Comme dans tout conte qui se respecte, il y a aussi une fée, nommée Morgiane, dont les charmes correspondent aux canons des Mille et Une Nuits, et qui se prétend à la fois issue de grande famille et d’idéal révolutionnaire. Une fin abrupte et ambiguë, en forme de coups de théâtre ironiques, marque la fin de la confession. Comme il est d’usage, elle est suivie d’un épilogue rédigé par la récipiendaire du manuscrit, après la mort de l’historiographe.

La jeune normalienne, qui travaille sur l’influence conjuguée des Mémoires de Saint-Simon et des Mille et Une Nuits dans l’œuvre de Proust, livre donc une clé de l’entreprise de Maël Renouard: comment refaire ce que l’on aime et admire sinon en faisant quelque chose de «tout autre»?


Roman

Maël Renouard

L’historiographe du royaume

Grasset, 336 p.


Citations

«Il n’est pas de plus grande colère que celle d’un prince qui découvre qu’on a feint de perdre pour lui plaire.»

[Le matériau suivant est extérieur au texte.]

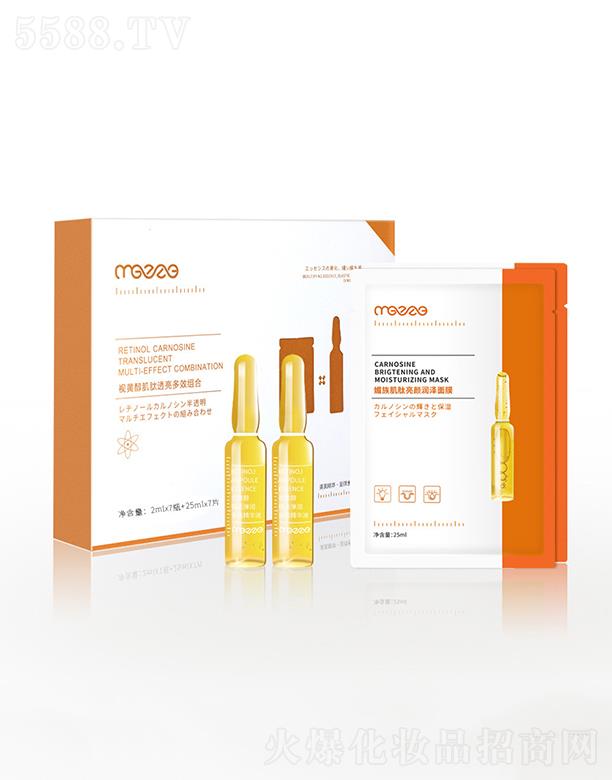 L()HQ(mo)޹˾ҕSĶЧMĤ  aˮ  o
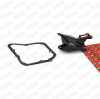 STARK SKHFS-3250032 Hydraulikfiltersatz Automatikgetriebe für VOLVO V70 II (285) Bild STARK SKHFS-3250032 Hydraulikfiltersatz Automatikgetriebe für VOLVO V70 II (285)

Al-Kushâjim, Traité de l’art des commensaux, cité p. 19


«J’eus le pressentiment que les états de grâce et de disgrâce, désormais, au lieu d’alterner, ne feraient plus qu’un.»

p. 292


«Le roi nous rendait fous. Mais il est dans l’ordre des choses qu’un roi soit entouré de fous, n’est-ce pas?»